> **Goal of the exercise**: Print the data below exactly, but only the lines from the one containing "A kitchen with white" down to the one containing "Dedicated server Two", inclusive.

Scraped caption text data
··········

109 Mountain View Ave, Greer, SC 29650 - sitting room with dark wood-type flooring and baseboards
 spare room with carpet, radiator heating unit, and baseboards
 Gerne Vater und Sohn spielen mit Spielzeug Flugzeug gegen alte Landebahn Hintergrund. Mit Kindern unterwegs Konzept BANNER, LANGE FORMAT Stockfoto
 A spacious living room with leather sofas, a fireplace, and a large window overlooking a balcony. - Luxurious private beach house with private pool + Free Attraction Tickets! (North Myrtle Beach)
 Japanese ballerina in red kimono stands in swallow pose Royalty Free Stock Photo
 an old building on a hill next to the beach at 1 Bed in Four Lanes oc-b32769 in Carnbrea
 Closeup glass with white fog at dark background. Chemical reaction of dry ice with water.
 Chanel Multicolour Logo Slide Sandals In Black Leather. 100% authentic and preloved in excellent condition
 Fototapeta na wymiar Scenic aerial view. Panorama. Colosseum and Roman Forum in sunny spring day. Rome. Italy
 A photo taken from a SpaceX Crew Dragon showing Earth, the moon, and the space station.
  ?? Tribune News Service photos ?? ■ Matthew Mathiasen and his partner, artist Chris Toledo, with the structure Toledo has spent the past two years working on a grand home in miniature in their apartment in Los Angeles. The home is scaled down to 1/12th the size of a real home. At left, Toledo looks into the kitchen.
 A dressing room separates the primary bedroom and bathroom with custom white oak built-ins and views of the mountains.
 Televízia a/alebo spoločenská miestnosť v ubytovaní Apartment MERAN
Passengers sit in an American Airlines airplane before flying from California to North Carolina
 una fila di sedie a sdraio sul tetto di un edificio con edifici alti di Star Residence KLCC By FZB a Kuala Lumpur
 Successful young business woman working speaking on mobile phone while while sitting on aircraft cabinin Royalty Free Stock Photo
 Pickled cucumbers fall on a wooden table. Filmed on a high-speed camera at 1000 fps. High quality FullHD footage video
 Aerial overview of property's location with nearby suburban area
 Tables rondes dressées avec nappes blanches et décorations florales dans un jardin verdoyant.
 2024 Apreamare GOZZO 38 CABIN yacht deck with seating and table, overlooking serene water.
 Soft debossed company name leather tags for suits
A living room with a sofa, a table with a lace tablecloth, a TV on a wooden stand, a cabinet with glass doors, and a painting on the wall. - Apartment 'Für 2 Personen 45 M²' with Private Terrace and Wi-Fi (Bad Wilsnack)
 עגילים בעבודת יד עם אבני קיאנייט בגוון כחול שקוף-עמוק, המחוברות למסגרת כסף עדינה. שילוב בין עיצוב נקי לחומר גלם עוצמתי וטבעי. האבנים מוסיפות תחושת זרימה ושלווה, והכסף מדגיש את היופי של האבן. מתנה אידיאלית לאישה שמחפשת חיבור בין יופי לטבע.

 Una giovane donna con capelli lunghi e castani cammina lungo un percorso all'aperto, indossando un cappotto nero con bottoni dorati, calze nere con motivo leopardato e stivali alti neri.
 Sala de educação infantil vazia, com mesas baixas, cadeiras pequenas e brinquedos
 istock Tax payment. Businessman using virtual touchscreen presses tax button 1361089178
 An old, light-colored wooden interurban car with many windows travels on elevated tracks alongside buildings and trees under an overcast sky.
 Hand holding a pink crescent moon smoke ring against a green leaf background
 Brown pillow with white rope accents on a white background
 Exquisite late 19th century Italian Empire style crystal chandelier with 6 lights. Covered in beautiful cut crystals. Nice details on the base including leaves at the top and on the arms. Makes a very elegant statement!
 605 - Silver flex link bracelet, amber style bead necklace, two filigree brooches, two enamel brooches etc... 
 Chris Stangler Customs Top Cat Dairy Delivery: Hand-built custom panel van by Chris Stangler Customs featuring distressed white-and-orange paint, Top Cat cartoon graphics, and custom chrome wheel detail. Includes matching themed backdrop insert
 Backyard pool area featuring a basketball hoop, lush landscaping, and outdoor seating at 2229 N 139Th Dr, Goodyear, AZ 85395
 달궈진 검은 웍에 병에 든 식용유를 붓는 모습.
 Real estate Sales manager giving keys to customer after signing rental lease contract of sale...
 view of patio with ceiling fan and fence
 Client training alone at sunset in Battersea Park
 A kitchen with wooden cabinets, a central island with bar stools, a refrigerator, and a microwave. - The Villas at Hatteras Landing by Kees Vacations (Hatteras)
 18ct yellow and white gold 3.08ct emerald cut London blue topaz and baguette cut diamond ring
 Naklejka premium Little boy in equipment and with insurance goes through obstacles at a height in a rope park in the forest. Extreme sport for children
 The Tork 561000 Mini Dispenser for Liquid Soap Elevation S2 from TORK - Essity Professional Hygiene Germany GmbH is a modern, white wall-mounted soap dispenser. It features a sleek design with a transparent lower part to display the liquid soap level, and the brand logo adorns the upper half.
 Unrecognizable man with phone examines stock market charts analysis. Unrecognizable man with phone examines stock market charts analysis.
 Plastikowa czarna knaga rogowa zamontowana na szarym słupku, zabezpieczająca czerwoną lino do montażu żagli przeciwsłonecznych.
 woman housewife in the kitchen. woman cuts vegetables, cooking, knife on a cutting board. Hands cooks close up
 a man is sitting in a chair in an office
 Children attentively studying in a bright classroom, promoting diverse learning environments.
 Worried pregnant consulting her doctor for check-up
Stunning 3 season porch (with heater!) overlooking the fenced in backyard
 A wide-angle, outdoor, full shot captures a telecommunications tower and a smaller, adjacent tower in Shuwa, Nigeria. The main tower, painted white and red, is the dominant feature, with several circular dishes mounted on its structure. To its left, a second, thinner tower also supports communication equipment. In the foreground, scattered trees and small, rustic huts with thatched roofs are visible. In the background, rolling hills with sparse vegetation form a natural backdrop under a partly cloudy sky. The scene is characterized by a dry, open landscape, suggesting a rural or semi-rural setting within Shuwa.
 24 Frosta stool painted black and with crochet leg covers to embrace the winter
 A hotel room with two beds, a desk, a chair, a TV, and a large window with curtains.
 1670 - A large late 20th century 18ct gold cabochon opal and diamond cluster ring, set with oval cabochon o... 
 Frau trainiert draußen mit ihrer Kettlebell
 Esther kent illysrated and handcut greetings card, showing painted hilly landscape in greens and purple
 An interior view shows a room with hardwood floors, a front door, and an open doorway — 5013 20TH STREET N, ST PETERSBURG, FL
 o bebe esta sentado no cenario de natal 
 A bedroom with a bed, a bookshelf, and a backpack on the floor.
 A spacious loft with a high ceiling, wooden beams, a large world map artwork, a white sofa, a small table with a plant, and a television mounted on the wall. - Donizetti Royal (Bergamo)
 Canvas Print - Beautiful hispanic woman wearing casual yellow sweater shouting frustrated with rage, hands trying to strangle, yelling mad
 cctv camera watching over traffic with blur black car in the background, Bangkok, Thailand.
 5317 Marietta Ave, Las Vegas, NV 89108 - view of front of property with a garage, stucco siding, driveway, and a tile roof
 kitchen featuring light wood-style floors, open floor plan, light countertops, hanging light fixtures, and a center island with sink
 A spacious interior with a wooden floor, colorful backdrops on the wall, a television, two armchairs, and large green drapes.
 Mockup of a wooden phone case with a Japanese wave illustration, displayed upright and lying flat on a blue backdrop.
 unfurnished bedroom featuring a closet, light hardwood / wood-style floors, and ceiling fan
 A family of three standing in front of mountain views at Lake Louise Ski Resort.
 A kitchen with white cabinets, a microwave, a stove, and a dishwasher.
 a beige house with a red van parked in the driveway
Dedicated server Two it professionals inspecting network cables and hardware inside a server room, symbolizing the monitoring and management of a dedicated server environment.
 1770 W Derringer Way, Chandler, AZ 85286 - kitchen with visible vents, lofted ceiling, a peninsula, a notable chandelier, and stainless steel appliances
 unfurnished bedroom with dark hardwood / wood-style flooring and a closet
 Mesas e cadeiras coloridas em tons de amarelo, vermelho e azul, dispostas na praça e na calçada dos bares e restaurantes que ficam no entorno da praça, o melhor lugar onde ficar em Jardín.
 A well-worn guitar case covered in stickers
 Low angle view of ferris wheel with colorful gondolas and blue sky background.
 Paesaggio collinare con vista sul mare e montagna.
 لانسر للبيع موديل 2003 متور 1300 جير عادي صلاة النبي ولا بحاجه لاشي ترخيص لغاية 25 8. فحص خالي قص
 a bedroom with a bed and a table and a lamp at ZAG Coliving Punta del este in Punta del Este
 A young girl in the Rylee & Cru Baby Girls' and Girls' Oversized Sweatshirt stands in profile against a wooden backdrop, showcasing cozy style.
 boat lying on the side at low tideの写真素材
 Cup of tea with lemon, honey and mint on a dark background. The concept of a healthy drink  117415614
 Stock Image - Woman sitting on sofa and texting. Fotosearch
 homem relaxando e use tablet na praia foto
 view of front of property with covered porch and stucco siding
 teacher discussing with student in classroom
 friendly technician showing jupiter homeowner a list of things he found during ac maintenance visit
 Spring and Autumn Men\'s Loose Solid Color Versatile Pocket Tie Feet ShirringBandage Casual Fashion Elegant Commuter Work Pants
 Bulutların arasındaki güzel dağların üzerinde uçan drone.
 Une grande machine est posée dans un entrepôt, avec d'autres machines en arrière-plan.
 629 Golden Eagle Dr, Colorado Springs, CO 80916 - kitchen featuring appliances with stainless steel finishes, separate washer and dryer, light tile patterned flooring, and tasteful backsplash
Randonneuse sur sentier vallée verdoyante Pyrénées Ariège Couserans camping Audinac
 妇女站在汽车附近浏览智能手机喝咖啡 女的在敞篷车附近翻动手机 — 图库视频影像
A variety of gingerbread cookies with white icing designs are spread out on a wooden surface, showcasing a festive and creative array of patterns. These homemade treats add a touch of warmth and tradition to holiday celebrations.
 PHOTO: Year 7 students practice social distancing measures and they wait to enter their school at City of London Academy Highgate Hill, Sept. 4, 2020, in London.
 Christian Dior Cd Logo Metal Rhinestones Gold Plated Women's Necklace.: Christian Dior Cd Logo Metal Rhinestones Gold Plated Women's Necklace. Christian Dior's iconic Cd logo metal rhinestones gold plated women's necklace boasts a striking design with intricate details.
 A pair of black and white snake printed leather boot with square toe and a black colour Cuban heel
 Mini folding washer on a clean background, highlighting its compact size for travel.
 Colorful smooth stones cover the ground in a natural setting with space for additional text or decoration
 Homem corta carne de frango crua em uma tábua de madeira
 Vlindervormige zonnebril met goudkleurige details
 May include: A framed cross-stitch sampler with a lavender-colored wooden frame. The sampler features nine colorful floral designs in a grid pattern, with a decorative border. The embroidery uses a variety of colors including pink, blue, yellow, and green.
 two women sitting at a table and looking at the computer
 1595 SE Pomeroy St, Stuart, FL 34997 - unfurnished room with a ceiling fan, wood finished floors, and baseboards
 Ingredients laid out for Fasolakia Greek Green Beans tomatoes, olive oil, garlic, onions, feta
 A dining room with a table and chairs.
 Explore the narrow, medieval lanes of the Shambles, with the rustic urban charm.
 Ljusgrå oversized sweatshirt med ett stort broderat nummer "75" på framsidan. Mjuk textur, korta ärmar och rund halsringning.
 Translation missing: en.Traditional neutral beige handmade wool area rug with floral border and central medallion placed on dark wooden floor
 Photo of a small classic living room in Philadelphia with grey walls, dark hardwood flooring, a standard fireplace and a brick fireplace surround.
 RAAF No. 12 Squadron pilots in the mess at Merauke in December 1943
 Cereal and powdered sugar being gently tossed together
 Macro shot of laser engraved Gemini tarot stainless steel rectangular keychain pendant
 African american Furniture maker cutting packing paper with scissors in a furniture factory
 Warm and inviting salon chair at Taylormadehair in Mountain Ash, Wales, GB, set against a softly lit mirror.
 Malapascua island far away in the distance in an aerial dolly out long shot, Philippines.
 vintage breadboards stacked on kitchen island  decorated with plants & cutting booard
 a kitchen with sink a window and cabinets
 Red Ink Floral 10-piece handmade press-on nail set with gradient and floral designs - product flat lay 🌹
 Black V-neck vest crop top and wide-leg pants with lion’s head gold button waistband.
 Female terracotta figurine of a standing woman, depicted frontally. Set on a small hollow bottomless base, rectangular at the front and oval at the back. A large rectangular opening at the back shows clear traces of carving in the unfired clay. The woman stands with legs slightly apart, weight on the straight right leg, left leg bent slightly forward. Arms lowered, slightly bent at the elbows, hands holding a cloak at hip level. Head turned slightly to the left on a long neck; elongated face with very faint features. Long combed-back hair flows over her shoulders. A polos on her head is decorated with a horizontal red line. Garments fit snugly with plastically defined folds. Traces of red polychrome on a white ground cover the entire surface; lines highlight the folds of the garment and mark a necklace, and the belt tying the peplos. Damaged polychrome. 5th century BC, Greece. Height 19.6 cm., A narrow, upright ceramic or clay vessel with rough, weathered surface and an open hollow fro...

··········

> **Exercise response**:
 A kitchen with white cabinets, a microwave, a stove, and a dishwasher.
 a beige house with a red van parked in the driveway
Dedicated server Two it professionals inspecting network cables and hardware inside a server room, symbolizing the monitoring and management of a dedicated server environment.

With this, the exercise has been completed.